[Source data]
● ● ● ● ● ● ●
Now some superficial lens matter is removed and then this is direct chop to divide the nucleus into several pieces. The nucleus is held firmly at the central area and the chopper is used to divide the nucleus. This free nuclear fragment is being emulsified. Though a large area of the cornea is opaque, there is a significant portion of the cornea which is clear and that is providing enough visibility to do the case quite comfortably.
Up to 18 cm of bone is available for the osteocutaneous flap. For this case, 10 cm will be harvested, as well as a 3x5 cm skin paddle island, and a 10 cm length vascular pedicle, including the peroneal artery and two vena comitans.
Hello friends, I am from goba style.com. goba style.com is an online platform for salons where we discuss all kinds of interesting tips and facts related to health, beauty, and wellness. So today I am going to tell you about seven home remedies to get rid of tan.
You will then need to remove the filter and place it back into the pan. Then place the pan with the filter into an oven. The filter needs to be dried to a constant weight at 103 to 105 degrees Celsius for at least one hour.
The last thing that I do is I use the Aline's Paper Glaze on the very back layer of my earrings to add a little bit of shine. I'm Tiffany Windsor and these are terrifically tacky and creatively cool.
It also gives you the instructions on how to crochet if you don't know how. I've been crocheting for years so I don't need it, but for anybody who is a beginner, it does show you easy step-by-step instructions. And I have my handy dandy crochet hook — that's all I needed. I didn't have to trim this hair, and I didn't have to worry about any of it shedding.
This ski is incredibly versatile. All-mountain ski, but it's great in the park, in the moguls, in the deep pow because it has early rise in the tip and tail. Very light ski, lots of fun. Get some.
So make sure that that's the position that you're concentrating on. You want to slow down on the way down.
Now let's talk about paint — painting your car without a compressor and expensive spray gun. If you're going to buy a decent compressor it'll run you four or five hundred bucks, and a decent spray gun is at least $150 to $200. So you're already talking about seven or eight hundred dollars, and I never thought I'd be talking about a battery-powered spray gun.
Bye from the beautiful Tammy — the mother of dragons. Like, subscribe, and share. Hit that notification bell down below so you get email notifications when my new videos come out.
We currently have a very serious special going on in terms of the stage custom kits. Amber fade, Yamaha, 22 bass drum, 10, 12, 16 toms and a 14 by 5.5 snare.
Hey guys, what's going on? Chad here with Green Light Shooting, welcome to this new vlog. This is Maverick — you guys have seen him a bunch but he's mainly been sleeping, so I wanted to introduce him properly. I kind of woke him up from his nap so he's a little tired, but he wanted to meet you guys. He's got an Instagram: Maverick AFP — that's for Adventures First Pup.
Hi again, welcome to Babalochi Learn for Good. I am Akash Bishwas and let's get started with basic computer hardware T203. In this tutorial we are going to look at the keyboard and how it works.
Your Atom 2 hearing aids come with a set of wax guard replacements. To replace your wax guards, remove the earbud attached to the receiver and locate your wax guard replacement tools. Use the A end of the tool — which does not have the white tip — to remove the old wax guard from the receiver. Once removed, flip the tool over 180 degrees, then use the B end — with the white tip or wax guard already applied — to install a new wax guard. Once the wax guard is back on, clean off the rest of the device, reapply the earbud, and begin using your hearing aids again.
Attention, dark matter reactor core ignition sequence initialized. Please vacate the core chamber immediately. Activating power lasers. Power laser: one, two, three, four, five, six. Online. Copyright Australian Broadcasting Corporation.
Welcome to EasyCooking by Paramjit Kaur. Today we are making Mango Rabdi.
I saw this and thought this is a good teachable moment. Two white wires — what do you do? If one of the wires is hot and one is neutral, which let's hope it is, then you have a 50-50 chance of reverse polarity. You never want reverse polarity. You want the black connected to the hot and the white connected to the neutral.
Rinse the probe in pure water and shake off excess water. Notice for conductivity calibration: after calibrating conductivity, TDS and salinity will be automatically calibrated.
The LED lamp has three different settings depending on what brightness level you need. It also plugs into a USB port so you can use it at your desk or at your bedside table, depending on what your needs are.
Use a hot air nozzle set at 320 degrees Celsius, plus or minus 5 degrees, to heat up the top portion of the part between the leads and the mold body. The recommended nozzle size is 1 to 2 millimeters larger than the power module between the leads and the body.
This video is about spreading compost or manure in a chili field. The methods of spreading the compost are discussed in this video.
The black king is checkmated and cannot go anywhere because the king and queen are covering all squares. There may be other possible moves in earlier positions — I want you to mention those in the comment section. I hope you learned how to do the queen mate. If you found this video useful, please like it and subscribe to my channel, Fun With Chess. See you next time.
● ● ● ● ● ● ●
» Exercise goal
Copy word for word the stretch of entries above from the line that has "I saw this and" through the line that has "Rinse the probe", both ends included, and nothing outside it.

» Finished task
I saw this and thought this is a good teachable moment. Two white wires — what do you do? If one of the wires is hot and one is neutral, which let's hope it is, then you have a 50-50 chance of reverse polarity. You never want reverse polarity. You want the black connected to the hot and the white connected to the neutral.
Rinse the probe in pure water and shake off excess water. Notice for conductivity calibration: after calibrating conductivity, TDS and salinity will be automatically calibrated.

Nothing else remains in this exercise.